Lagrangian of $\phi^4$ theory

Question

How do you derive the Lagrangian for a real scalar field ($\phi^4$ theory)?  I need to do so for spontaneous symmetry breaking. 

This question was asked by user34039 on Physics Stack Exchange but is now deleted there and has been restored from an archive.  

Comments

What do you mean by derive? Do you mean to ask what it's physical interpretation is, and/or why someone would want to study it? - joshphysics  

---

No, I mean to derive it from first principles. - user34039

---

Which first principles? The way this business works is that either you (1) find a system and then determine if it can be well-described by a field theory you care about or (2) you say "let's consider this field theory" and then see if there is a system whose dynamics are governed by it, or perhaps a hybrid of the two. Which of these are you looking for in this context? FYI I'm not the downvoter. - joshphysics    

---

hybrid of the two - user34039

---

I suspect that what you mean is that you have a $Z_2$ symmetric theory $\mathcal{L} = -\frac12 (\partial\phi)^2+\frac12\mu^2\phi^2-\lambda\phi^4 $ and you would like to compute the Lagrangian appropriate for fluctuations about the phase where the $Z_2$ is spontaneously broken.
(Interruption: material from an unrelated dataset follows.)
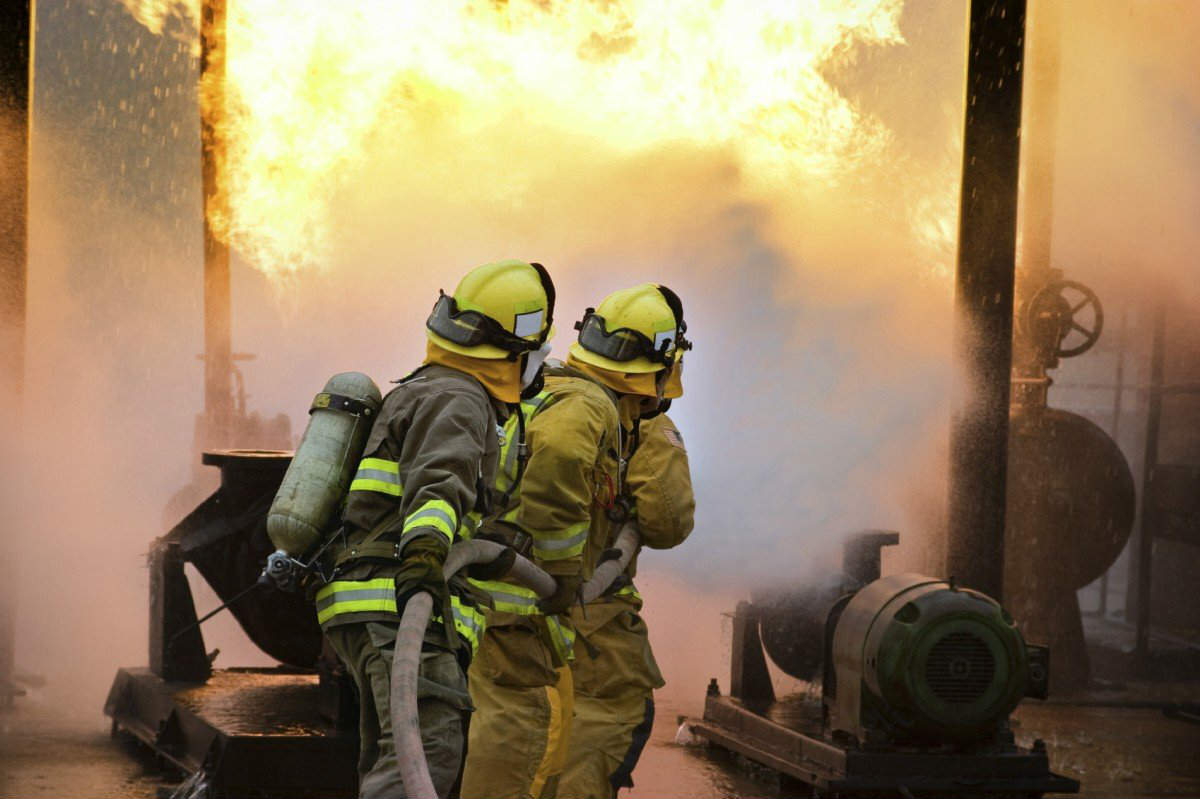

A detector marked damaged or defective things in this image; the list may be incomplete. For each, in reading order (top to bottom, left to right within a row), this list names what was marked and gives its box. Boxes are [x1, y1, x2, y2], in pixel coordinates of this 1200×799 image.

rusty steel beam [0, 0, 32, 710]
rusty steel beam [199, 0, 229, 448]
rusty steel beam [945, 0, 1032, 597]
You would want to write $\phi(x,t)=\bar\Phi + \varphi(x,t) $ where $\bar\Phi$ is the minimum of the potential $V\left(\phi\right) = - \frac12\mu^2\phi^2 +\lambda\phi^4  $. You can then plug this decomposition into $\mathcal L$, and keep all the terms that depend on $\varphi$. It's just algebra. - Andrew 

Answer 1

I suspect that what you mean is that you have a $Z_2$ symmetric theory $\mathcal{L} = -\frac12 (\partial\phi)^2+\frac12\mu^2\phi^2-\lambda\phi^4 $ and you would like to compute the Lagrangian appropriate for fluctuations about the phase where the $Z_2$ is spontaneously broken. You would want to write $\phi(x,t)=\bar\Phi + \varphi(x,t) $ where $\bar\Phi$ is the minimum of the potential $V\left(\phi\right) = - \frac12\mu^2\phi^2 +\lambda\phi^4  $. You can then plug this decomposition into $\mathcal L$, and keep all the terms that depend on $\varphi$. It's just algebra.  

Comments

This answer actually did not exist in the original PSE question, however, Andrew's comment was basically an answer, so I converted it.